We will not pursue legal action, nor initiate a complaint to law enforcement, against the finder/researcher operating in good faith. However, Smile Digital Health reserves all legal rights in the event of noncompliance with the guidelines below.
2.2.1 Rewards
Smile Digital Health does not offer a “bug bounty” program; as such, we extend no offer of compensation or public recognition for submittal of potential vulnerabilities.
2.3 Guidelines
We ask security researchers submitting the discovery of vulnerabilities to:
-
Please be respectful of our company, and the applications and services we provide. It is our intention to provide the most secure solutions possible and we try to do our best in meeting that goal. As such our applications and services are complex, and vulnerabilities may at times appear.
-
Please do not access or modify our data.
-
Please contact us immediately if you determine that any sensitive data has been exposed. Take care not to alter, view, share, store, transfer, or disrupt the data that you may have encountered.
-
If you encounter any personal or financial information, please cease any discovery activities and contact us immediately.
-
Please do not generate any artificial or fraudulent requests or transactions to our services.
-
Do not perform any activities that may break the law in the country that you reside or where Smile Digital Health assets reside.
-
Please contact us first before opening any CVE reports to confirm the findings.
-
Please share all relevant findings in your discovery.
2.3.1 Contact Information
You can contact us via security@smiledigitalhealth.com address. We will provide an acknowledgement of the message within two business days.
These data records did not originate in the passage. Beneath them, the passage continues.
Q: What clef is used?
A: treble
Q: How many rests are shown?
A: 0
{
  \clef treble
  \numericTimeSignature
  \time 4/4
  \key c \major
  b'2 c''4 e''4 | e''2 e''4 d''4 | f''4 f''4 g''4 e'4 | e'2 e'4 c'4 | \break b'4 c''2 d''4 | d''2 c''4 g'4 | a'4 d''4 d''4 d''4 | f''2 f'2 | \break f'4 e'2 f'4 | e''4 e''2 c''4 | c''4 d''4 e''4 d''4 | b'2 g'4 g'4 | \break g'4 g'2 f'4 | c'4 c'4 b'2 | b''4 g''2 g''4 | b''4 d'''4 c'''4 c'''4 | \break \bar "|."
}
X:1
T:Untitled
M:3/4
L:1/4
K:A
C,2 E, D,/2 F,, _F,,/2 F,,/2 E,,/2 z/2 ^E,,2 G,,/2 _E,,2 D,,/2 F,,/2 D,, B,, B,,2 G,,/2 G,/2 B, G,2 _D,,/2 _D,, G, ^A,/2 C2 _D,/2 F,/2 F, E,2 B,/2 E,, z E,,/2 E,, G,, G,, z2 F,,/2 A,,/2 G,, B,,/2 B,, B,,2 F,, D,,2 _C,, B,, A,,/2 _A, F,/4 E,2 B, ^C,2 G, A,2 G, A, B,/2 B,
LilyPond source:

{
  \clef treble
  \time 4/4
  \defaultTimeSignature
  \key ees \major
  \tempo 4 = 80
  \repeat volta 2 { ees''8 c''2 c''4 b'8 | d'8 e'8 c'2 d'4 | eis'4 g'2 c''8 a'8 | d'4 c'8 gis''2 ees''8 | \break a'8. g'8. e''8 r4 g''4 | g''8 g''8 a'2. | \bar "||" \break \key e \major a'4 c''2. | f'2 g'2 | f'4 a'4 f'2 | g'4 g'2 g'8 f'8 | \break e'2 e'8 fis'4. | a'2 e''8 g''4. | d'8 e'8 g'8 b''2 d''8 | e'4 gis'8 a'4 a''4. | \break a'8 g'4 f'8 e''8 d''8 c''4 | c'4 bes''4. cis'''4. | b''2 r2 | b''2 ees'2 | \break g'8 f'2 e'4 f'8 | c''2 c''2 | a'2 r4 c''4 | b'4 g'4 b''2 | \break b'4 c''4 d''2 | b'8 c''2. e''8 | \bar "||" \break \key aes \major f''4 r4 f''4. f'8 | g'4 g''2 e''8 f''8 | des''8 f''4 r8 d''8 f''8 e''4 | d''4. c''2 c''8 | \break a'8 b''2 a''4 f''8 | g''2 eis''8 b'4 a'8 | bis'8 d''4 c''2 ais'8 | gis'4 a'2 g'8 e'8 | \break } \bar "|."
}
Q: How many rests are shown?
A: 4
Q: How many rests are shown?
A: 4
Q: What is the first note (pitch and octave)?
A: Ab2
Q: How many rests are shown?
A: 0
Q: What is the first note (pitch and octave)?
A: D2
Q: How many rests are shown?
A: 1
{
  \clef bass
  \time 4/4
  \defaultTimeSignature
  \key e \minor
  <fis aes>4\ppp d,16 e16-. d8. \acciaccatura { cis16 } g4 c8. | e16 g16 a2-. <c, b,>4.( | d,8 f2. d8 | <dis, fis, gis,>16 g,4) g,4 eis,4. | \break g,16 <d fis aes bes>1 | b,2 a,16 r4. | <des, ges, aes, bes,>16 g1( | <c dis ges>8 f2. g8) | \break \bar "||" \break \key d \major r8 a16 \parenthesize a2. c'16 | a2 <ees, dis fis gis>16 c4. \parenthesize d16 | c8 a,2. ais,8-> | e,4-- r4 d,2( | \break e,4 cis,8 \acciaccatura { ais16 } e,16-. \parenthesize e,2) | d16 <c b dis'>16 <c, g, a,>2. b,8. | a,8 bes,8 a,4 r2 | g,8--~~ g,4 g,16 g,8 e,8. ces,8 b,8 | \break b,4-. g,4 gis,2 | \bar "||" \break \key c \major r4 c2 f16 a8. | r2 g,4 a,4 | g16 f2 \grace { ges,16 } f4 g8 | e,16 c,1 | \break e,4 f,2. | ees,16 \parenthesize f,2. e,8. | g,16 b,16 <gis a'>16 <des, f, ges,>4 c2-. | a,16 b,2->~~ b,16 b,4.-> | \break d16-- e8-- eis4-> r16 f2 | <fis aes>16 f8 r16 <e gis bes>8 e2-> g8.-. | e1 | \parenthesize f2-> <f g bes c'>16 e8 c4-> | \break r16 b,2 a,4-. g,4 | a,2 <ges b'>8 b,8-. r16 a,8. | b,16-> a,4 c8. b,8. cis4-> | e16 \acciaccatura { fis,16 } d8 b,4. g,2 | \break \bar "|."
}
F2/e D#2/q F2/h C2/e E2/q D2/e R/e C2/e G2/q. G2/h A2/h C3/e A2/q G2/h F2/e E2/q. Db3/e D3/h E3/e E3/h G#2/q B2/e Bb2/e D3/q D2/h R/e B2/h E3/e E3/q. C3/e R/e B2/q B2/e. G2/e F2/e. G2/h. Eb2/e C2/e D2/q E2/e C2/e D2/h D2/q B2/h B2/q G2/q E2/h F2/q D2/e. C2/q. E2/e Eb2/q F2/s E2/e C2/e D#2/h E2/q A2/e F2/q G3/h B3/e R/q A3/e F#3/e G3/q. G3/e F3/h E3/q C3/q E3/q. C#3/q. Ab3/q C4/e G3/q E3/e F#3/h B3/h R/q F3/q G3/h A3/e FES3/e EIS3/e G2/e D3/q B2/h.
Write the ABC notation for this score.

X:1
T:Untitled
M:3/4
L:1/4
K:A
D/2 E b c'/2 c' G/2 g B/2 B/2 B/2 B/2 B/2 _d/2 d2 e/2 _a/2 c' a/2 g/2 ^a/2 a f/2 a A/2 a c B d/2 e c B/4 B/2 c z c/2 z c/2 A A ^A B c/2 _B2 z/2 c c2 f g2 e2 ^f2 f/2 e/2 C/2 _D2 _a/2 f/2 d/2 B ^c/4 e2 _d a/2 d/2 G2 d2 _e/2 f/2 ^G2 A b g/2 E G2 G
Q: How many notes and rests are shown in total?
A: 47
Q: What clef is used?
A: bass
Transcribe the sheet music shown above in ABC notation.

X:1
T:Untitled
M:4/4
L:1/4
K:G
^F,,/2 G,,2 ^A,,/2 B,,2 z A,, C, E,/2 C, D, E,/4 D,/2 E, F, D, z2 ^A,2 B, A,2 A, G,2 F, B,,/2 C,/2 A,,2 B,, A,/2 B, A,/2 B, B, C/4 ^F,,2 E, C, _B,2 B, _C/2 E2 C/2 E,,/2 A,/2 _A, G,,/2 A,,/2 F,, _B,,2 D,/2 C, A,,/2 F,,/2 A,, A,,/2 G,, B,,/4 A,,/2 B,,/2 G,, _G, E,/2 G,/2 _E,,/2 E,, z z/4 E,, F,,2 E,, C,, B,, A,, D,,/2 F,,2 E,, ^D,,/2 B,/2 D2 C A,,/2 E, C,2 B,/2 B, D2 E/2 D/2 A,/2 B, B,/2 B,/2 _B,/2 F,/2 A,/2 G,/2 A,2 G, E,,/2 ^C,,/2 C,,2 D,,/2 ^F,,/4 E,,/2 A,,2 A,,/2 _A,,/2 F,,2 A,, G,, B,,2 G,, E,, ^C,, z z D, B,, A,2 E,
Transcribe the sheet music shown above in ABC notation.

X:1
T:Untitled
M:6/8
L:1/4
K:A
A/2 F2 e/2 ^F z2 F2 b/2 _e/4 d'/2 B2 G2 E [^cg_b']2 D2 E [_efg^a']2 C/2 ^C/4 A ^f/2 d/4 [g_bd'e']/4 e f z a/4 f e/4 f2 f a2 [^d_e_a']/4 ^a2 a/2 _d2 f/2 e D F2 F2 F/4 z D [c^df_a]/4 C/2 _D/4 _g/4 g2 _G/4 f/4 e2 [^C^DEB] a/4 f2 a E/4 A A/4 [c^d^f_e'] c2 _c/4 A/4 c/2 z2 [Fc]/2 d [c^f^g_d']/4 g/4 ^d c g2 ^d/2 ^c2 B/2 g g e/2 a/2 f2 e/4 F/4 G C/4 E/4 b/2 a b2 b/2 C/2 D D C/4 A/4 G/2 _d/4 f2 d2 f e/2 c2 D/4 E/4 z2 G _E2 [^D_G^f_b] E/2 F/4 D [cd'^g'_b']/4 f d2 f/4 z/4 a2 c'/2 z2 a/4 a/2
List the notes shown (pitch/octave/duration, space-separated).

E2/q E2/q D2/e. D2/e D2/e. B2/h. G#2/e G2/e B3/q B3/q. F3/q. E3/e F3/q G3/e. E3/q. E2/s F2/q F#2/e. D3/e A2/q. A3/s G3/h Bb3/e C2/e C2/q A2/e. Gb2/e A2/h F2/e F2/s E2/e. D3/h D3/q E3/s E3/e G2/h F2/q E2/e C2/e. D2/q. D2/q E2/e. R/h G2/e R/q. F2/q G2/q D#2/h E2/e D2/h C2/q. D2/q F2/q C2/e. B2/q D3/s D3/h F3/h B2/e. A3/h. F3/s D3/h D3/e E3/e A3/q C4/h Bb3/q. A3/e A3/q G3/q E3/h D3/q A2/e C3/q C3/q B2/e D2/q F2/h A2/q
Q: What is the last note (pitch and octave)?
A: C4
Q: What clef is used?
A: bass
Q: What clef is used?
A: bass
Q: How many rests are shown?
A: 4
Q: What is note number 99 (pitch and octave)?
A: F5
2.3.2 Information Requested
When submitting a vulnerability to Smile Digital Health please provide if possible:
-
your contact name, email address, associated group or company, and your title
-
in case a CVE is published, if you would like to be credited for the finding and what information should appear
-
details of the vulnerability including:
-
a summary of the issues
-
the details of the vulnerability and the tools used
-
the CWE category if known
-
if applicable, steps that can be taken to reproduce it
-
any URL or other resource references related to the vulnerability
-
the product name and version if known
-
2.3.3 Investigation
Smile Digital Health will attempt to verify any reported vulnerabilities as soon as possible, and usually within one week.
2.3.4 CVE Reporting
Smile Digital Health believes that transparent disclosure of vulnerabilities is the best approach. As a CVE Numbering Authority (CNA), Smile Digital Health is authorized by the CVE Program to assign CVE IDs to vulnerabilities and publish CVE Records related to all our products and HAPI-FHIR. Therefore:
-
Public disclosure of any vulnerability will be done by Smile Digital Health.
-
Any CVE tickets related to services or products managed by Smile Digital Health will be initiated by Smile Digital Health.
-
The timing of CVE reporting may be dependent on the ability of Smile Digital Health to provide remediation.